Software supply chain glossary (Kubernetes, containers, SBOM, CVEs): Quor Edition

Introduction

In technology, it is almost impossible to escape the well-known "alphabet soup".

When it comes to the software supply chain, even more terms, acronyms, and concepts emerge in discussions about security, risk management, cloud, and software development.

With that in mind, we put together this software supply chain security glossary QUOR version: a selection of the most commonly used terms on a daily basis when talking about Kubernetes, container images, vulnerabilities, provenance, SBOM, registries, and other elements of this universe.

The goal is not to be academic, but to offer clear definitions and, where it makes sense, connect them to how QUOR views and addresses these topics.

In short, it is a quick reference to support meetings or to share with teams and colleagues whenever the question arises: "what does this mean again?".

Table of Contents

1. Kubernetes and Workload Fundamentals

2. Container Images and Registries

3. Software Supply Chain Security

4. Vulnerabilities and Technical Controls

5. Continuous Operation and Update Practices

6. Risk, Financial Impact, and Compliance

7. QUOR-Specific Concepts

1. Kubernetes and Workload Fundamentals

Kubernetes (cluster / multicluster)

An open-source platform that orchestrates containers, automating deployment, scaling, and management of workloads.

A Kubernetes cluster is a set of nodes (machines) divided into two main groups, one for management and the other for applications.

Multicluster is an operational strategy where more than one Kubernetes cluster is managed in a coordinated way, allowing applications to be distributed among them transparently.

Workload

An application or service running on Kubernetes, described by objects such as Deployments, StatefulSets, Jobs, etc.

It is the logical unit of execution that consumes cluster resources (CPU, memory, network) to deliver business value.
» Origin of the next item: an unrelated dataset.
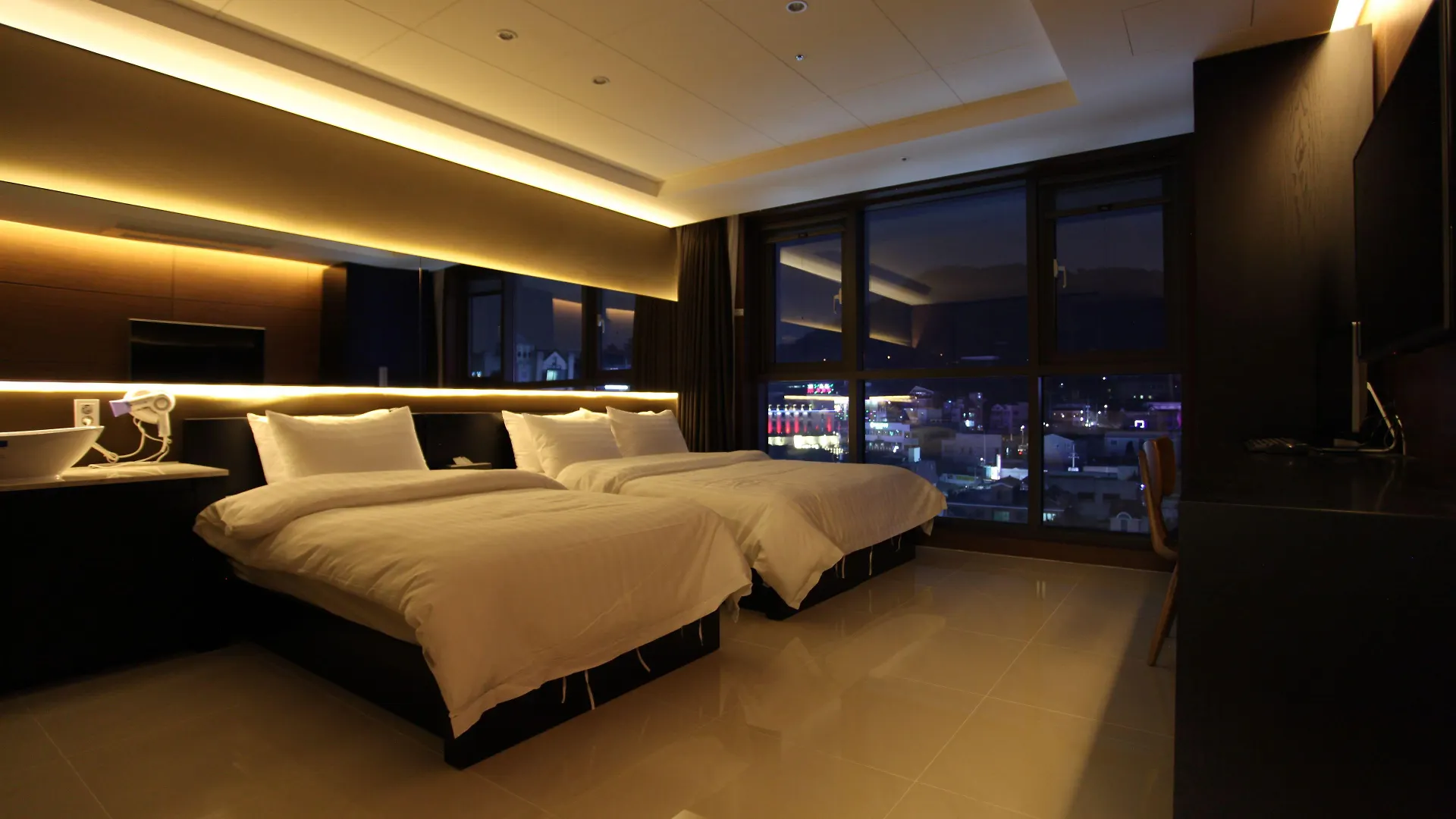 Browndot Hotel Incheon Songdo 4*,  South Korea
When we talk about "protecting the workload," we are talking about protecting this application in production: image, configuration, and runtime.

2. Container Images and Registries

Container image

An immutable package (in OCI standard) that can contain the filesystem, binaries, libraries, and metadata necessary for running a container process.

It is versionable (by tags or digests) and portable across registries, clusters, and cloud providers. When deploying a workload in Kubernetes, this is the image that will be retrieved from the registry and run as a container.

Read more: Not All Inheritance Is Good: The Risk of Container Images

Secure image baseline

A standardized, versioned, and approved set of "official" organization images.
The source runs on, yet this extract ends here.